--- Work to complete ---
Give the records again exactly, but drop the pictures.

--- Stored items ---
+ + +

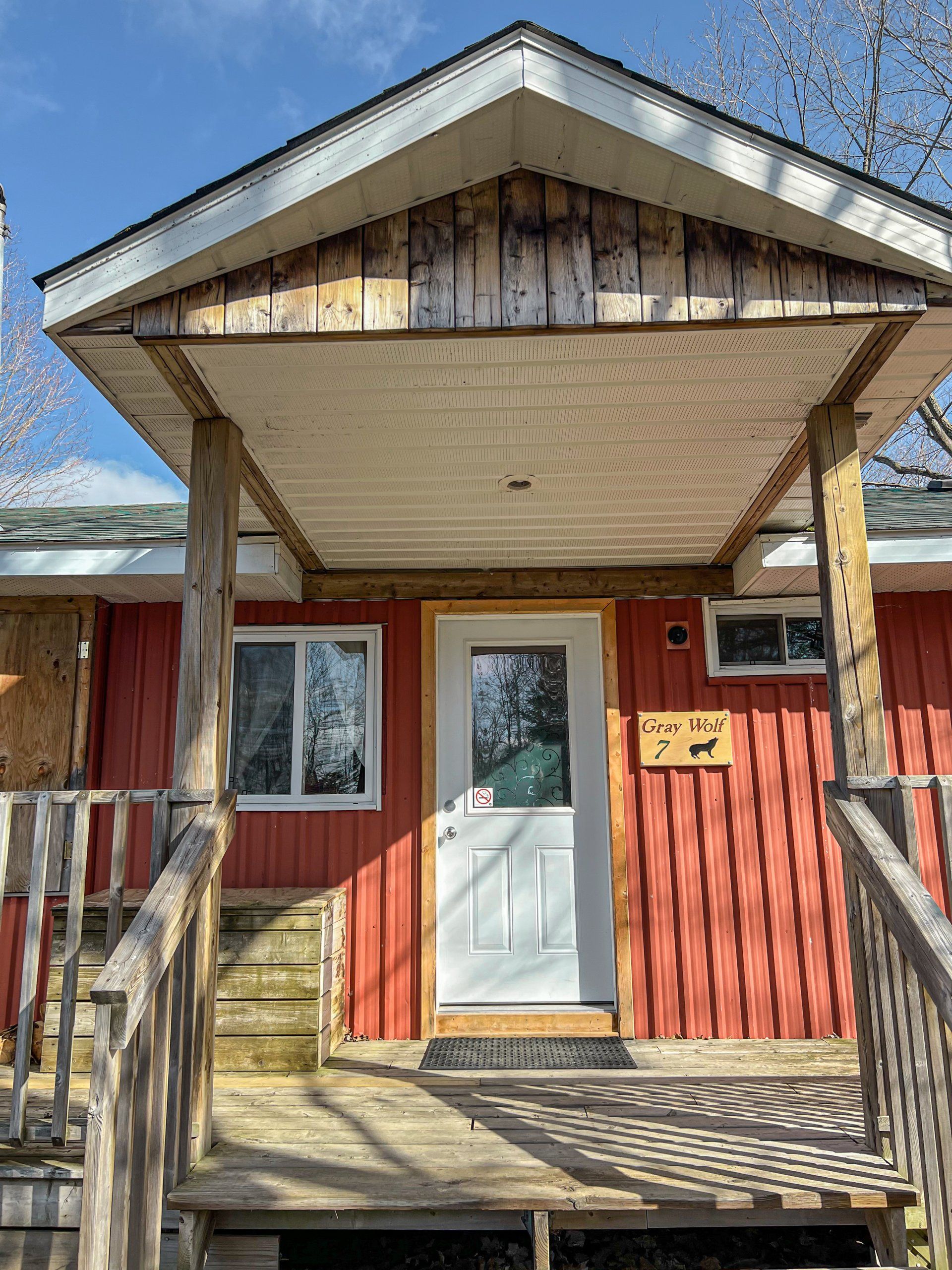Small red cabin porch with white door, wooden steps, and a peaked roof in bright sunlight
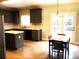 Spacious kitchen with granite countertops, stainless steel appliances, and a dining area leading to the outdoors at 6265 Lake Windsor Pkwy, Buford, GA 30518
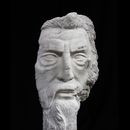 stone carving of man with beard made of white marble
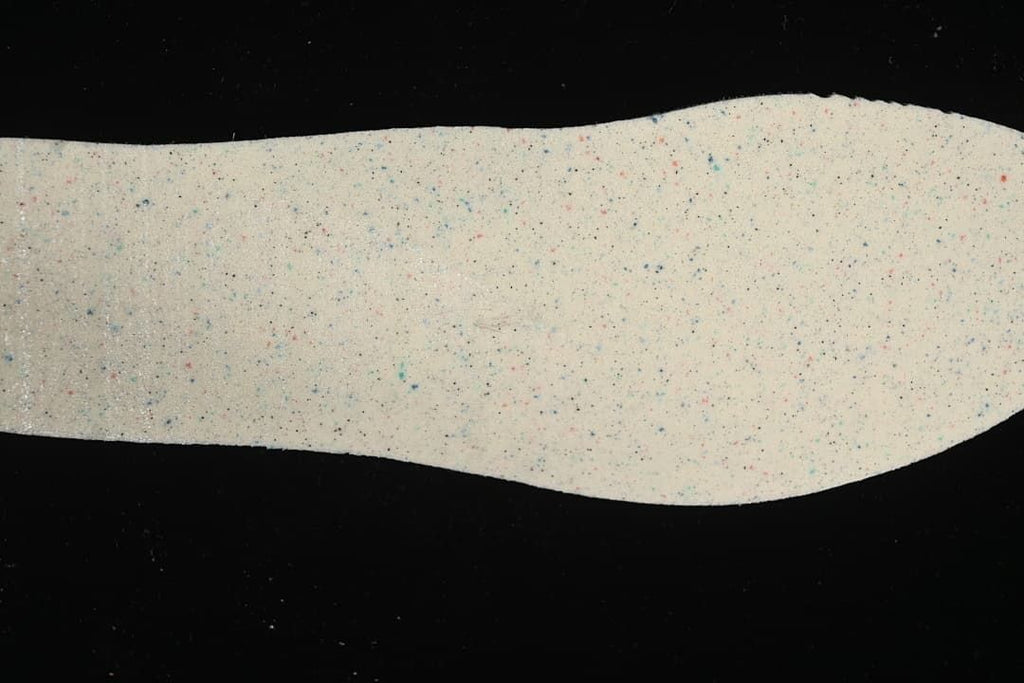 Close-up of a light insole with multicolor speckles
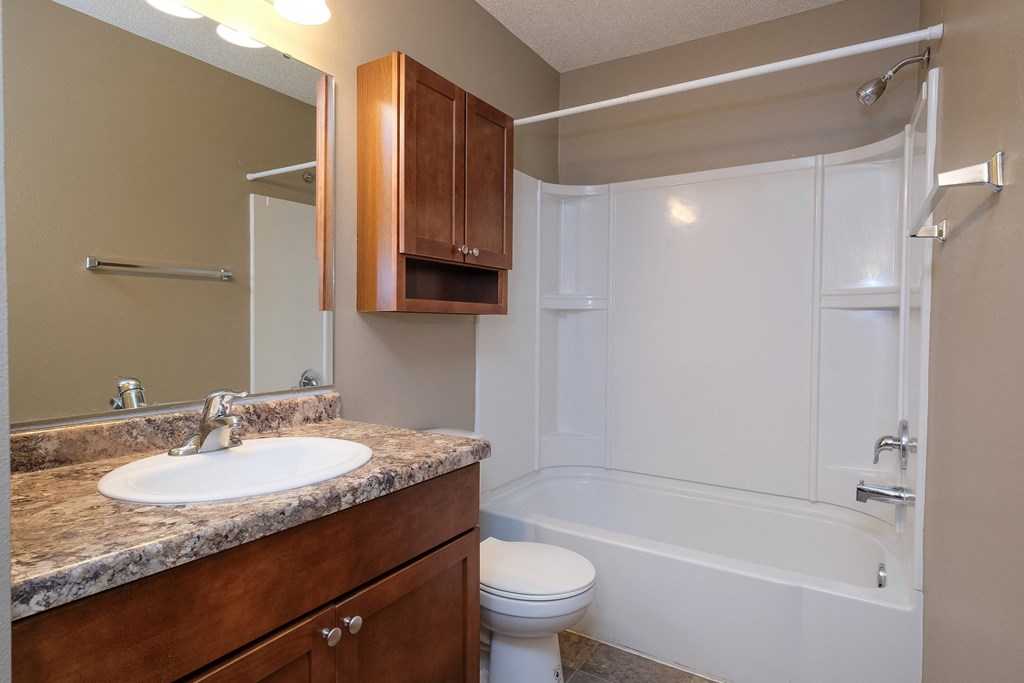 a bathroom with a sink toilet and bath tub. Fargo, ND Carlton Place Apartments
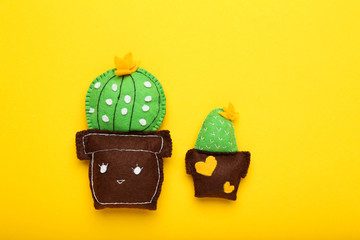 Different soft toy of cactuses on yellow background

+ + +

--- Reply ---
Small red cabin porch with white door, wooden steps, and a peaked roof in bright sunlight
 Spacious kitchen with granite countertops, stainless steel appliances, and a dining area leading to the outdoors at 6265 Lake Windsor Pkwy, Buford, GA 30518
 stone carving of man with beard made of white marble
 Close-up of a light insole with multicolor speckles
 a bathroom with a sink toilet and bath tub. Fargo, ND Carlton Place Apartments
 Different soft toy of cactuses on yellow background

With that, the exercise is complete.